There are a certain things that come along with a ginger stud of a Holbshusband like mine. Acid indigestion, allergies to most anything that grows under a yellow sun, and the tendency to caulk a tub at the very worst possible moment.
The Holbs has been engaged in a long-time battle with our bathtub caulk job. I'm not sure what it is about that bathtub that so irks my Holbslover in his soul, but time and time again I will come home sweaty from a run, or feel the need deep in my bones for a long, hot shower, only to find out that the tub area has been declared off-limits for another 48 hours. And I say, But Holbsy baby! but he shakes his head firmly. And I wonder aghast at what 1964 had against the idea of having two showers?

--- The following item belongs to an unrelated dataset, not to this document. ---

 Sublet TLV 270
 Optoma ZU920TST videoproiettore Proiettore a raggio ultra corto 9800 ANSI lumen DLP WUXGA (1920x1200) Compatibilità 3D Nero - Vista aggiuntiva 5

This is how he likes to do it. First he takes a scraper and scrapes every last bit of the previous, perfectly acceptable caulk-job off the tub. Ideally he will leave the caulk scrapings, little curls of rubbery confetti, all over the tub floor.
Then he meticulously dries every last droplet of moisture from the plastic tub. This involves sticking rolls and rolls of toilet paper in every leaky joint and deep down into the drain, and also leaving wet towels crumpled on the floor, and then smearing dirt everywhere? (Do I need to mention that he prefers to do this part this fully shoed?)
Finally he hops in the tub, caulks that sucker to within an inch of its life, and emerges declaring,
"This time, it will be perfect!"
Forty-eight hours later I get to shower. Until then, I get to read handmade Holbsigns every time I brush my teeth, signs saying things like, "Do Not Use Me Until Thursday!" and signed with a squiggly smiley face.
Inevitably, two weeks later, The Holbs is screwing up his face in the bathroom in his birthday suit, wondering if that seam is really as water-tight as it could be, and how much caulk is left in that caulk gun do you suppose?
Wisely, I choose blame it all on his B.S. in Accounting. Sometimes I say to him, Holbsy baby, why can't you be more like your wife? Honestly. I consider my lack of attention to detail to be one of my most appealing characteristics, I truly do.
Anyway, attention to detail gives you heartburn. Not that I'd know anything about that.